Remy de Gourmont: ‘To-day, when political liberty tends to be restricted, literary liberty follows the same course; the latest young writers are almost all Socialists, moderate, disciplined, and practical. They support the government (which is their affair); fifteen years ago we did not even know there was a government. We enjoyed the liberty of writing, the liberty of living, every liberty, and thought of nothing but expressing our way of thought even if it was a little mad.
‘But decadence—what an error! ‘
Gourmont: ‘A writer when he is writing should never think of his masters or even of his style. If he sees, if he feels, he will say something; it may be interesting or not, beautiful or mediocre, the risk must be taken….Style is feeling, seeing, thinking, and nothing more.’
John Taylor: ‘Needless to say, in our present era, structuralist and post-structuralist readings of literature are hardly Gourmont-ish in flavour. Yet it has just occurred to me: are some of Roland Barthes’s sensitive, sensually attentive readings perhaps rather Gourmont-ish and therefore exceptions to this rule?’
Paul Cohen: ‘In our increasingly specialized world, where the sum of human knowledge has grown so prodigiously, our polymaths no longer have the range of Leonardo da Vinci, Athanasius Kircher, and Benjamin Franklin. We still, however, find the occasional figure such as semiotician-anthropologist-novelist Umberto Eco, chemist-novelist-playwright Carl Djerassi, and painter-writer-composer Tom Phillips. Gourmont, though, was not only one of these, but also a man who deliberately abandoned intellectual consistency for the excitement of the free play of ideas.’

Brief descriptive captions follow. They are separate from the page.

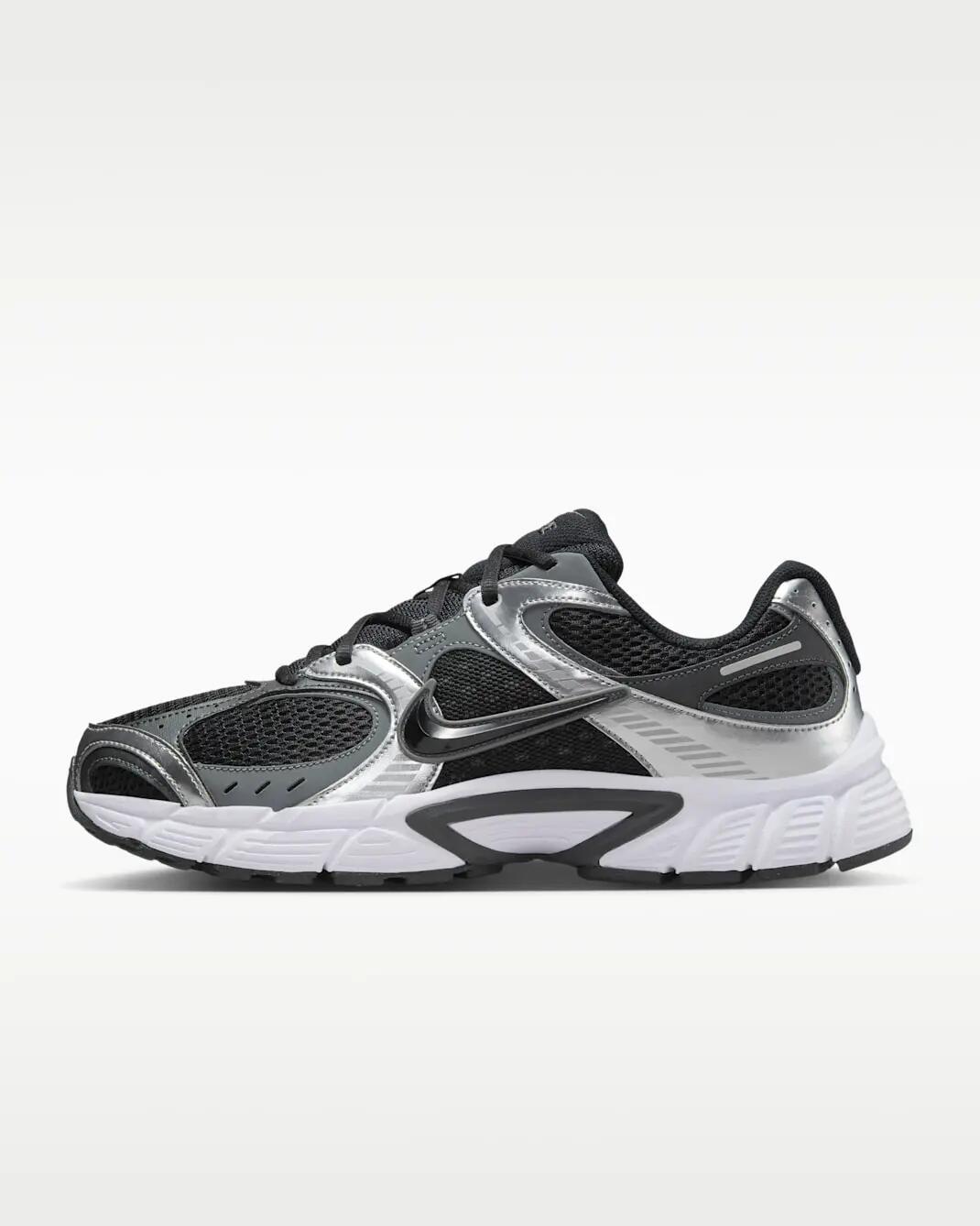 Buty męskie NIKE V5 RNR 44.5 2/6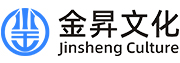 U盘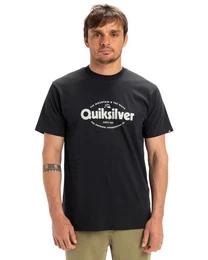 T-Shirt Ev Shape All Day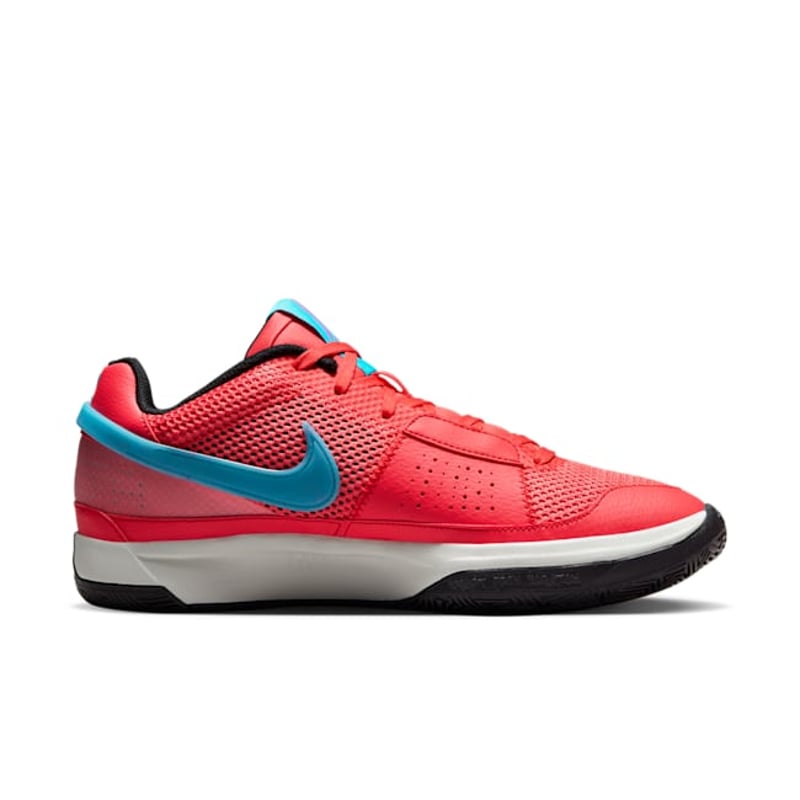Nike Ja 1 DR8785-800 03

Remy de Gourmont: France ‘may still observe with a certain amount of complaisance the intellectual subsidence to which the Anglo-Saxon world has been reduced by the taste for religious nonsense. These nations with their great physical activity are perhaps on the way towards reducing themselves to the mechanical condition of ants or bees. The intelligence is there concentrated on a few practical points; everything which is disinterested escapes it. Hence an absence of culture which places them at the mercy of every religious imposture. Messiahs, prophets, mystic healers, raisers of the dead, swarm in these environments which are lacking in the critical sense.’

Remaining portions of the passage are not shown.